Vom Zauber der Nachbarschaft

Eupen/St Vith · Vom Glück der Nähe: "Eine Reise durch Ostbelgien" heißt der Bildband, der kürzlich im Grenz-Echo-Verlag erschienen ist. Er bringt uns eine Landschaft und die gar nicht so fernen Nachbarn jenseits der Grenze noch ein wenig näher.

Eupen/St. Vith. Da fährt man als Eifeler jahrelang rüber ins Ostbelgische und weiß immer noch nicht, dass es dort zwei der besten Chocolatiers im Land der ohnehin ja schon besten Chocolatiers gibt: Axel und Lothar Hanf, die in Schönberg, also ganz nah bei Bleialf, weithin gerühmte Pralinen und andere Schokereien zusammenkomponieren. Das geht natürlich nicht. Also: nach Schönberg pilgern, nicht zur Mariengrotte diesmal, sondern zum Probieren.
Solche Entdeckungen macht man, wenn man sich das großformatige Buch der beiden Eupener Freddy Derwahl (Texte) und David Hagemann (Fotos) vornimmt. "Eine Reise durch Ostbelgien" (210 Seiten, 39,95 Euro) führt von "Eupen vor den Wäldern" im Norden bis hinab in unsere direkte Nachbarschaft, nach Büllingen und Bütgenbach, nach Elsenborn und Rocherath, und überall sammeln die Autoren weitere Pralinen auf, porträtieren Menschen und Orte, Gegenwart und Geschichte.
Aber das tun sie eben nicht im abgenudelten Stil mancher Reiseführer, bei denen alle zwei Seiten irgend ein beschaulicher Flecken zum, schnarch, "Verweilen einlädt" und man vor lauter Langeweile doch lieber nur die Bilder guckt.
Dabei ist doch das Gebiet der Deutschsprachigen Gemeinschaft genau das: beschaulich. Nicht auftrumpfend, nicht spektakulär, sondern, wie der Landstrich diesseits der Grenze, von einem ganz anderen, aber tief wirkenden Charme.
Den fangen die Fotos von David Hagemann wunderbar ein. Und die Beiträge des mit etlichen Literaturpreisen bedachten Freddy Derwahl lassen alles noch ein bisschen tiefer sacken.
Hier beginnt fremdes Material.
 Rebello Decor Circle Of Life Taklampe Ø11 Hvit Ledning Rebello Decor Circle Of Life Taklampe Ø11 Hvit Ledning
Denn er schert sich überhaupt nicht um ranschmeißerische Touristenwerbung, sondern lässt den Leser auch an der Melancholie eines 68-Jährigen teilhaben, der in seinem Alter "alles schon aus der Perspektive versickernder Zeit" sehe.
Da landet man dann auch gleich im ersten Kapitel auf dem Eupener Friedhof und erfährt, wer dort so alles gebettet wurde. Und vom Tod geht es direkt weiter zum Eupener Karneval. Leben eben.
Oder im Kapitel über den Bürgermeister von St. Vith - allerdings nicht den amtierenden, Christian Krings, bei dem sich das gewiss auch gelohnt hätte: sondern über den leider inzwischen gestorbenen Vorgänger mit dem wunderschönen Namen Wilhelm Pip, der dank bester Schulzeugnisse hätte studieren können, wenn er das nur gewollt hätte.
Pip wurde Landwirt. Musste in den Krieg und Amputationen an beiden Füßen über sich ergehen lassen. Kehrte nach langer Odyssee 1946 nach Belgien zurück und kämpfte viele Jahre lang dafür, dass die vom Krieg gezeichneten ostbelgischen Soldaten von der deutschen Regierung als Invaliden anerkannt wurden. Mit Erfolg.
Und er baute seine Stadt wieder mit auf. Eines Tages habe ihm ein Bezirkskommissar gesagt: "Jetzt habt ihr bald alles fertig." Wilhelm Pips Antwort: "Fertig, lieber Freund, werden wir nie."
Es gibt noch weitere, ergreifende Porträts in diesem Buch, von Menschen, Orten und Ereignissen. Man sollte sie alle lesen. Und dann mit offenen Augen wieder rüberfahren. Ist ja nicht weit.